SDN Pekayon Jaya III Kini Miliki Meubelair Baru

BEKASI TIMUR – Kepala Bidang (Kabid) Bina Program Disdik Kota Bekasi, Krisman Irwandi mengatakan, SDN Pekayon Jaya III, Bekasi Selatan, kini telah mendapat meubelair yang baru. Sebelumnya sempat menggunakan meubelair bekas pinjam pakai dari beberapa sekolah yang di-marger di Kota Bekasi.

Menurutnya, saat ini penggadaan meubelair untuk 75 SD dan 46 SMP di Kota Bekasi telah turun dan sedang dalam proses pengiriman. Pengiriman diutamakan terlebih dahulu untuk SDN Pekayon Jaya III.

“Untuk pengadaan meubelair itu sekarang sudah, saat ini lagi SPK (surat perintah kerja), SPK dimulai dari kemaren tanggal (07/10/2019) selama 75 hari, ( 2 bulan 15 hari itu masa kerja), kalau melewati.Masa kerja akan terkena pinalti, yang di Pekayon Jaya III sudah dikirim meubelair dari anggaran APBD 2019,”terangnya.

Dikatakanya, total anggaran APBD untuk pengadaan meubelair SD dan SMP di Kota Bekasi sebesar 11 miliar dengan perincian, untuk SD sebesar 6 miliar sedangkan untuk SMP 5 miliar rupiah.

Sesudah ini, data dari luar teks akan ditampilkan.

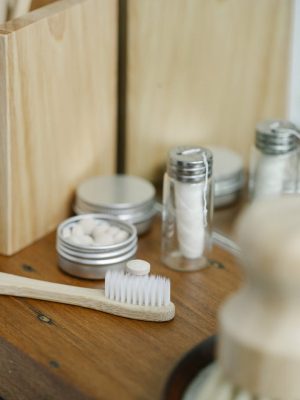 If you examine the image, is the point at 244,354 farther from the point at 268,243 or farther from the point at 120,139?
the point at 120,139

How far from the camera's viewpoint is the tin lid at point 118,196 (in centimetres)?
82

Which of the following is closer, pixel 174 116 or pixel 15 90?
pixel 15 90

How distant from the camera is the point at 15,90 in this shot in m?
0.75

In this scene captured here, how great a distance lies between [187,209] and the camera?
77cm

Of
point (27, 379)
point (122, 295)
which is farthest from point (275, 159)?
point (27, 379)

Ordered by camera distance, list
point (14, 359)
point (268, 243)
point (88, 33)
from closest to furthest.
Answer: point (268, 243) → point (14, 359) → point (88, 33)

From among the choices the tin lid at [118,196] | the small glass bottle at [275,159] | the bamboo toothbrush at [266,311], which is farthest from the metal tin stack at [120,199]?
the bamboo toothbrush at [266,311]

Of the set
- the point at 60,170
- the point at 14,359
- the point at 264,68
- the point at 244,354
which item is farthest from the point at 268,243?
the point at 264,68

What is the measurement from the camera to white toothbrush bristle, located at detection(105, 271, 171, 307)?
0.69m

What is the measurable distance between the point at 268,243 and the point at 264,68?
1.57ft

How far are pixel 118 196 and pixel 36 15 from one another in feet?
0.60

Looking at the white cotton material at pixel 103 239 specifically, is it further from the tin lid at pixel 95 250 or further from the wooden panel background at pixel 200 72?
the wooden panel background at pixel 200 72

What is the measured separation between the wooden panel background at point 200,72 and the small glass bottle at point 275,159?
9 cm

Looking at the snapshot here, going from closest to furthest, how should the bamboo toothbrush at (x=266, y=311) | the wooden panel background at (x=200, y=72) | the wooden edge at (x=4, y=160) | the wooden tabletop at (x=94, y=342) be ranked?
the bamboo toothbrush at (x=266, y=311) → the wooden tabletop at (x=94, y=342) → the wooden edge at (x=4, y=160) → the wooden panel background at (x=200, y=72)
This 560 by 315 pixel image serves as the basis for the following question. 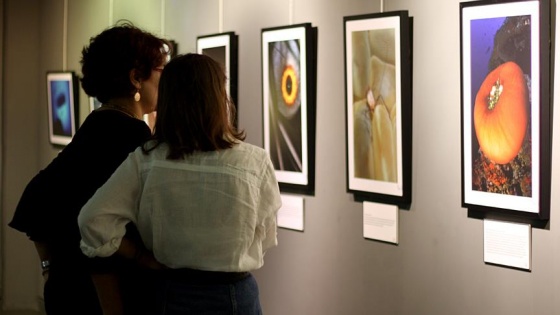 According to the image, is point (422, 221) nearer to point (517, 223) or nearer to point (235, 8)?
point (517, 223)

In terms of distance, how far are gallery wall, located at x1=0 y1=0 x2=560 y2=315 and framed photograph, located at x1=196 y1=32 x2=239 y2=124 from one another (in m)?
0.05

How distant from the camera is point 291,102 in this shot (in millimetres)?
5156

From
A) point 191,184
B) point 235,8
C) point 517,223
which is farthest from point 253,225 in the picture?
point 235,8

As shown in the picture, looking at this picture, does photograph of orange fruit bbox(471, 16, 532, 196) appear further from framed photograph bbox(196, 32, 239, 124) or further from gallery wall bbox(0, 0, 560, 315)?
framed photograph bbox(196, 32, 239, 124)

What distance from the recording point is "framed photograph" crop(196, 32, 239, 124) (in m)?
5.77

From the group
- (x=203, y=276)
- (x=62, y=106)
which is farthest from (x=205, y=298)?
(x=62, y=106)

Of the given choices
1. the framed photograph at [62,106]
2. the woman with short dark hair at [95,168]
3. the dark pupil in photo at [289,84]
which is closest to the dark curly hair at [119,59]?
the woman with short dark hair at [95,168]

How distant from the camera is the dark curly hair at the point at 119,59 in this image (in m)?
3.18

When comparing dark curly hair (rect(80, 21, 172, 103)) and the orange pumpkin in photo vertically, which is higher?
dark curly hair (rect(80, 21, 172, 103))

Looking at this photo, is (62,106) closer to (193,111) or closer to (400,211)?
(400,211)

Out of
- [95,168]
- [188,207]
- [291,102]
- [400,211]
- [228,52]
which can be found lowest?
[400,211]

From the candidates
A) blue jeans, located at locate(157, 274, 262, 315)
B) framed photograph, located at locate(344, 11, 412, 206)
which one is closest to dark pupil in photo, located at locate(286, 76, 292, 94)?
framed photograph, located at locate(344, 11, 412, 206)

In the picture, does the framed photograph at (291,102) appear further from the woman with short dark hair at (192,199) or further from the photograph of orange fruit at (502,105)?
the woman with short dark hair at (192,199)

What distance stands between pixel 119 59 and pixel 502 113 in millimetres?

“Tetapi ketika kontrak 3-6 miliar jadi 5,8 miliar, kan kita nawar juga. Terus kita minta tambahan tiangnya ada dua. Untuk yang dikirim ke SDN Pekayon Jaya III sebanyak 4 rombel atau 160 set meja dan kursi,”tukasnya.

Sebelumnya, Walikota Rahmat Effendi melakukan sidak ke SDN Pekayon III, pada Senin (16/9/2019).

Sidak tersebut lantaran adanya informasi yang mengatakan bahwa SDN Pekayon III tidak memiliki bangku dan meja selama 2 tahun, sehingga proses belajar mengajar dilakukan dengan duduk dilantai.

Setelah meninjau langsung ke lokasi, Rahmat mengatakan keberadaan sarana belajar disekolah SDN Pekayon III lantaran sedang menunggu hasil merger dari beberapa sekolah.

“Jadi ketiadaan mebeler itu disebabkan lantaran merger dan anggaran mebeler yang terlewat tahun sebelumnya. Hari ini bangku dan meja sudah ada di tiap kelas,” ucap Rahmat.

Rahmat katakan bahwa anggaran pendidikan di tahun kemarin difokuskan untuk pembangunan gedung sekolah baru dan rehabilitas bangunan.(RON)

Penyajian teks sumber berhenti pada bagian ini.